AnalyzingSuggester returning index value instead of field value?

2013-02-07 Thread Sebastian Saip
I'm looking into a way to implement an autosuggest and for my special needs
(I'm doing a "startsWith"-search that should retrieve the full name, which
may have accents - However, I want to search with/without accents and in
any upper/lowercase for comfort)

Here's part of my configuration: http://pastebin.com/20vSGJ1a

So I have a name="Têst Námè" and I query for "test", "tést", "TÈST", or
similiar. This gives me back "test name" as a suggestion, which looks like
the index, rather than the actual value.

Furthermore, when I fed the document without index-analyzers, then added
the index-analyzers, restarted without refeeding and queried, it returned
the right value (so this seems to retrieve the index, rather than the
actual stored value?)

Or maybe I just configured it the wrong way :?
Theres not really much documentation about this yet :(

BR Sebastian Saip


Re: AnalyzingSuggester returning index value instead of field value?

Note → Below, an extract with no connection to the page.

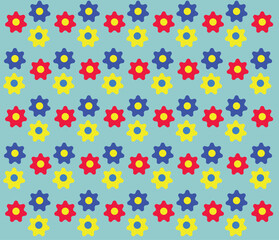seamless pattern with colorful flowers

2013-02-07 Thread Sebastian Saip
It's the same with whitespace removed unfortunately - still getting back
"testname" then.
I'm not quite sure how to test this via the Lucene API - in particular, how
to define the KeywordTokenizer with ASCII+LowerCase, so I can't test this
atm :/

BR Sebastian Saip


On 7 February 2013 16:19, Michael McCandless wrote:

> I'm not very familiar with how AnalyzingSuggester works inside Solr
> ... if you try this directly with the Lucene APIs does it still
> happen?
>
> Hmm maybe one idea: if you remove whitespace from your suggestion does
> it work?  I wonder if there's a whitespace / multi-token issue ... if
> so then maybe see how TestPhraseSuggestions.java (in Solr) does this?
>
> Mike McCandless
>
> http://blog.mikemccandless.com
>
> On Thu, Feb 7, 2013 at 9:48 AM, Sebastian Saip 
> wrote:
> > I'm looking into a way to implement an autosuggest and for my special
> needs
> > (I'm doing a "startsWith"-search that should retrieve the full name,
> which
> > may have accents - However, I want to search with/without accents and in
> > any upper/lowercase for comfort)
> >
> > Here's part of my configuration: http://pastebin.com/20vSGJ1a
> >
> > So I have a name="Têst Námè" and I query for "test", "tést", "TÈST", or
> > similiar. This gives me back "test name" as a suggestion, which looks
> like
> > the index, rather than the actual value.
> >
> > Furthermore, when I fed the document without index-analyzers, then added
> > the index-analyzers, restarted without refeeding and queried, it returned
> > the right value (so this seems to retrieve the index, rather than the
> > actual stored value?)
> >
> > Or maybe I just configured it the wrong way :?
> > Theres not really much documentation about this yet :(
> >
> > BR Sebastian Saip
>


Re: AnalyzingSuggester returning index value instead of field value?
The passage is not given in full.